Russ Allbery wrote:
> This is more of a high-level design intuition that stems from some basic
> architectural principles, such as "dpkg should be the authority for what
> Debian installs on the file system so that it can ensure global
> consistency."
> 
> But to give you a concrete answer, here are the sorts of things that come
> to mind even after this transition is complete in Debian:
> 
> * Old packages that still use aliased paths installed on current systems.
> * Locally-built packages with /bin paths in data.tar.gz.
> * Weird local symlinks to move files around in the file system.
> * Some unforseen future transition where we want to merge two directories.

Indeed. In the history of Debian, we've had
- The /usr/doc -> /usr/share/doc transition
- The /usr merge
- Various package-specific transitions from an old directory to a new,
  where it'd be convenient for the package to install a transitional
  symlink rather than support both paths internally
- Local sysadmins who might want to move something to a different
  directory (whether for space constraints or local package
  organization) and have dpkg actually understand what they're doing
- In the future, I wouldn't be surprised if someone *attempts* to merge
  /usr/sbin -> /usr/bin one day.

It'd be incredible if those were as simple as building and installing a
package that installs a symlink in its data.tar where other packages
install a directory. (And possibly including some metadata that says
"yes, I really do mean to install a symlink redirect for a directory,
this isn't just a file conflict mistake".)
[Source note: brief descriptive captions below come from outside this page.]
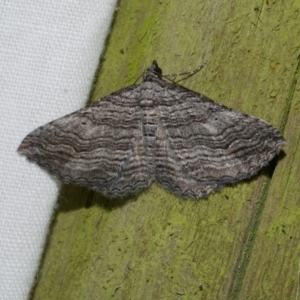 Chrysolarentia severata at Freshwater Creek, VIC - 25 Dec 2022 10:53 PM
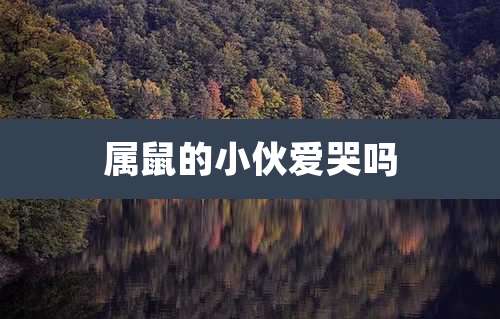 属鼠的小伙爱哭吗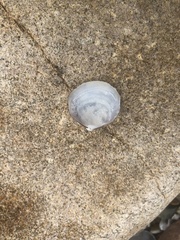 Felaniella usta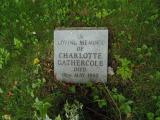 image of grave number 819789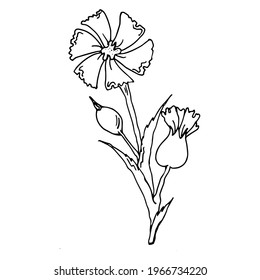 vector isolated image of flowers on white background 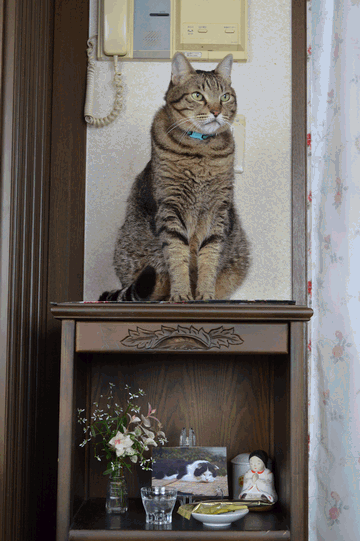 c0136736_17155241.gif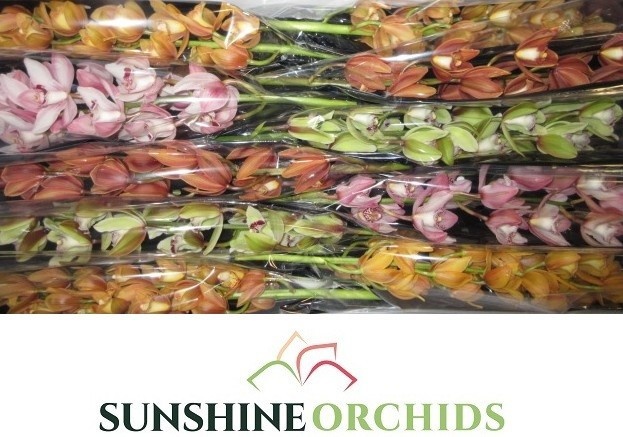 Cymbidium Asst Mini 60cm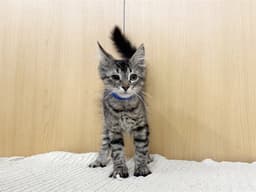 Sammy image 1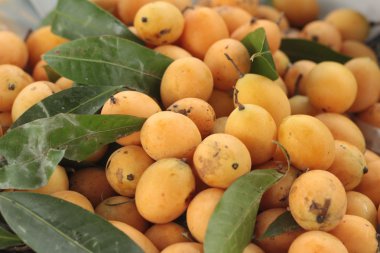 Marian Erik meyve - Asya meyve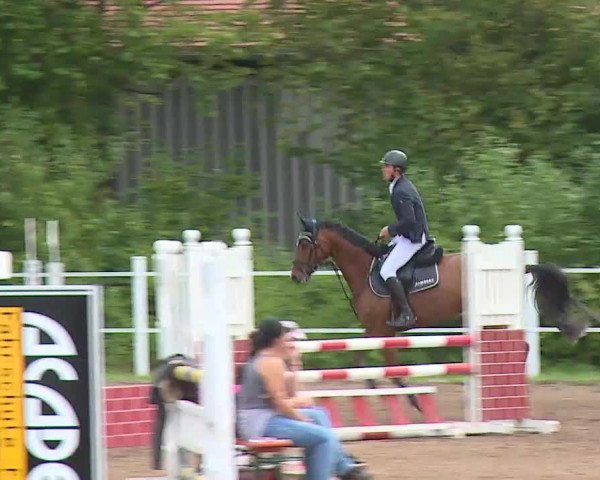 Reitturnier Demantsfürth/Mfr. 2020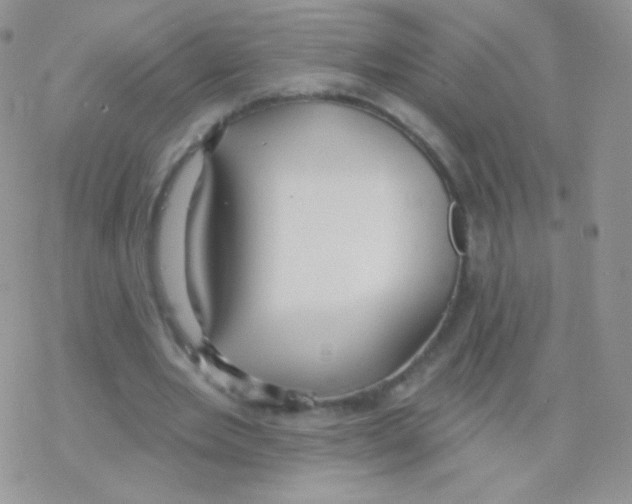 X0000077370485200611171953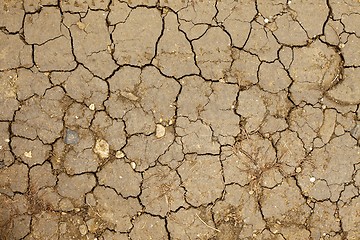 Image showing Dry Soil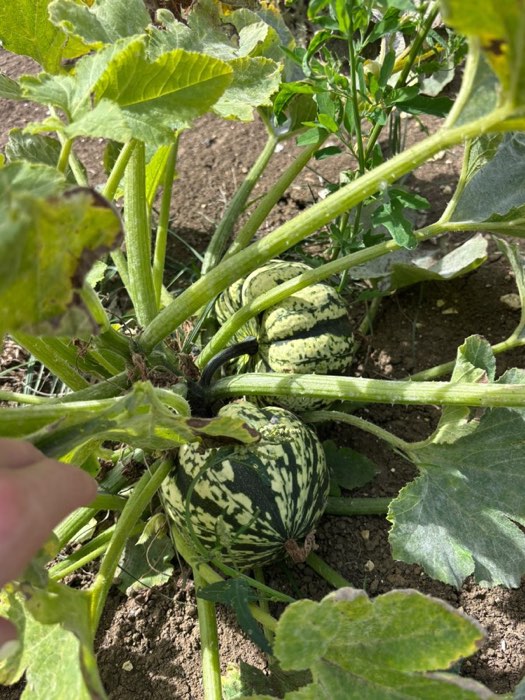 Striped green pumpkins ripening on the vine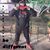 Jay Whitfield's profile image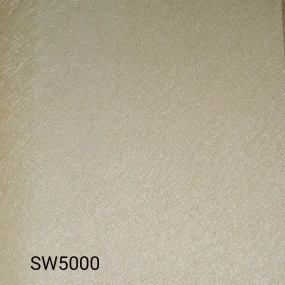  SW5000
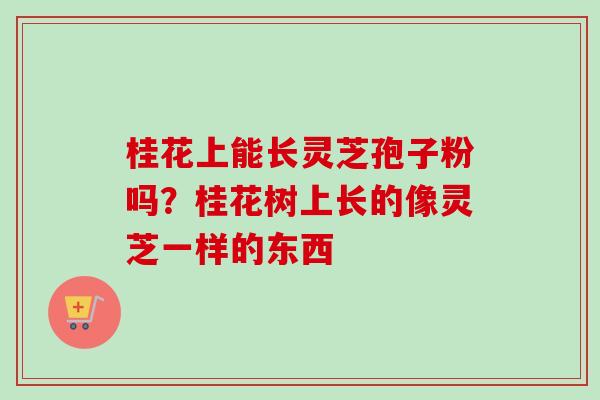 桂花上能长灵芝孢子粉吗?桂花树上长的像灵芝一样的东西 桂花上能长灵芝孢子粉吗?桂花树上长的像灵芝一样的东西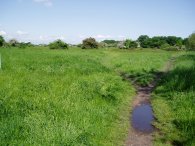 Wanstead Flats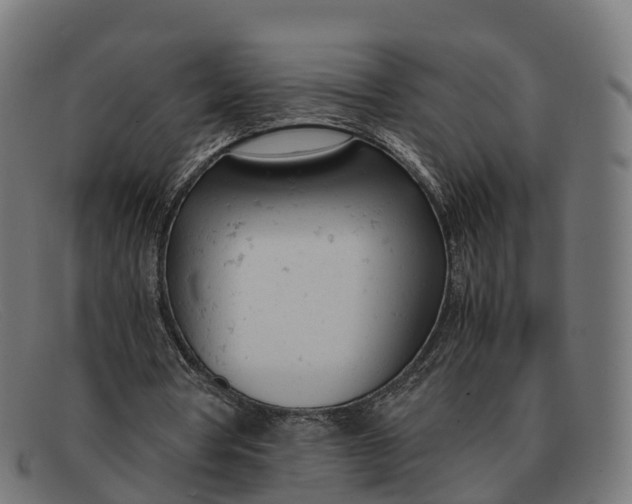 X0000091660386200709131514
> I think we have an entire project full of people with expert skills,
> including some truly impressive C programmers, and I find our inability to
> muster those resources to improve *the* foundational program on which the
> work of the entire distribution rests on, in a way that meets a very high
> quality bar and is sustainable for the project, to be disappointing.  I'm
> not assigning blame; I'm simply saying that it makes me sad that the
> assumption is that only Guillem alone is able to work on this project and
> therefore its success is constrained by his available time.
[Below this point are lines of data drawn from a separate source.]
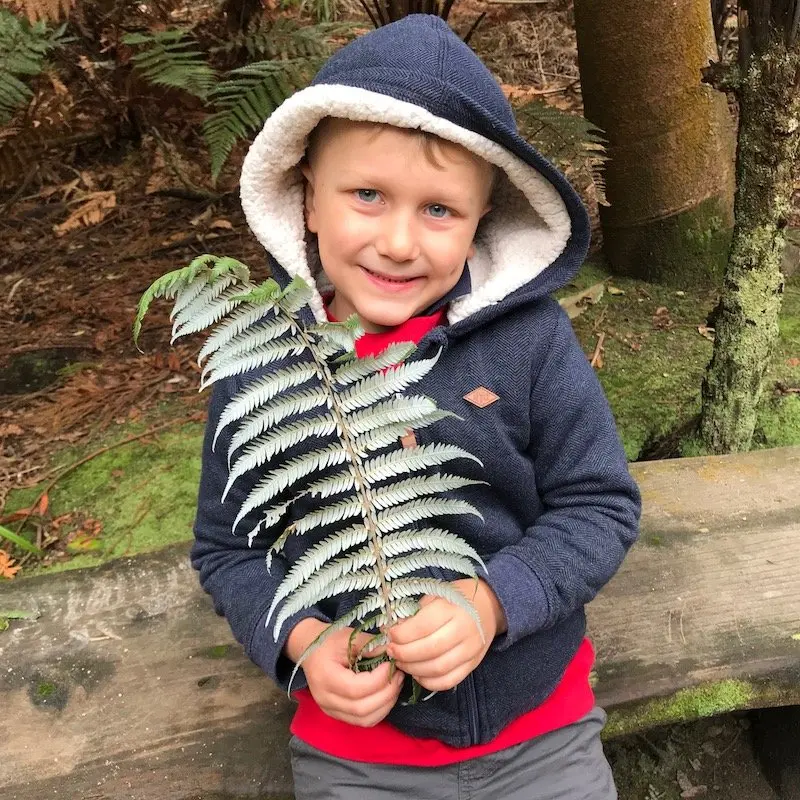 Hells Gate Rotorua wetlands - pic of silver fern with jack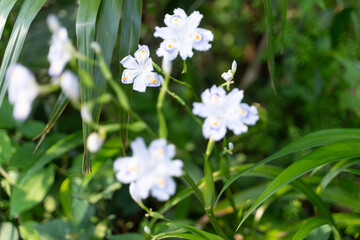 White Iris Japonica in Forest④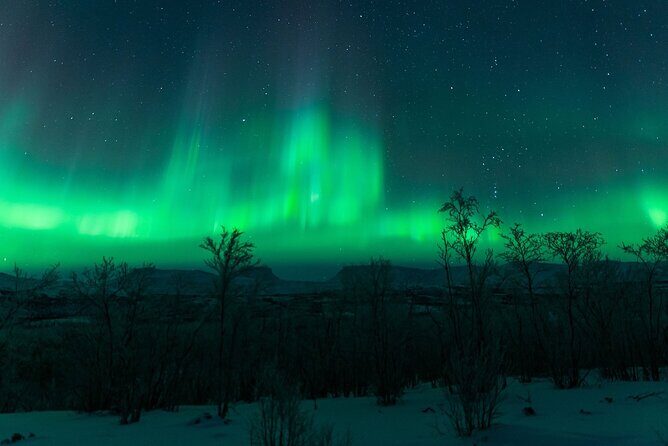 Kiruna Northern Lights Tour with Photographer - In The Sum Up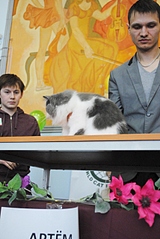 428 X 640 159.3 Kb 428 X 640 148.3 Kb 12 апреля Международная Выставка Кошек г.Можга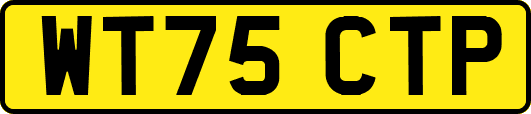 WT75CTP
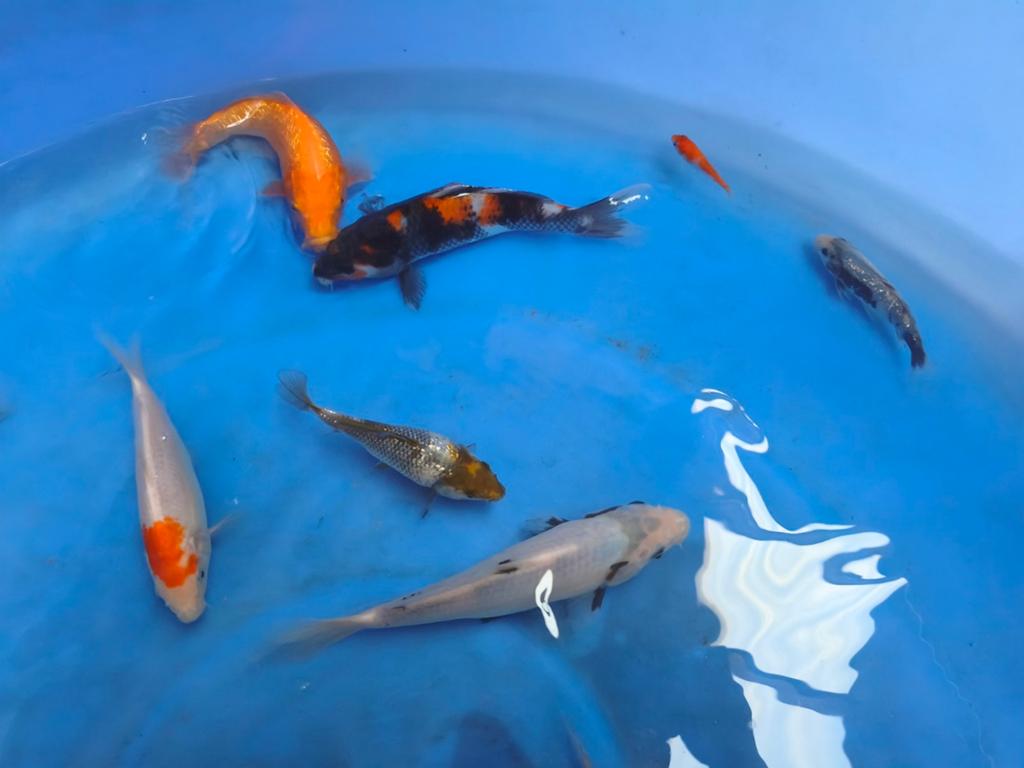 Jonge koi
I agree with you that this is disappointing.

> I have some concerns that Guillem is trying to boil the ocean and he's
> missing some viable incremental approach, but this is only a vague concern
> and I absolutely do not have the expertise in dpkg to argue that case.
> Clearly Guillem has convinced himself that it is the correct approach and
> he is an expert in this area, so he is probably correct and I am probably
> wrong.

I think this paragraph very much captures why a project with many expert
developers in a variety of different areas believes (whether correctly
or incorrectly) that their help would not be welcomed. (And to be clear,
I really do mean "correctly or incorrectly" here; please don't take this
as presupposing the answer to that question.)

dpkg is trying to solve an *incredibly* complex problem, with very
demanding constraints, and decades of historical expectations and
compatibility requirements, in addition to added constraints from
possible maintainer preferences and tastes. And as a project, we have
not solved the problem of either documenting or simplifying enough of
those to the point of inviting contribution.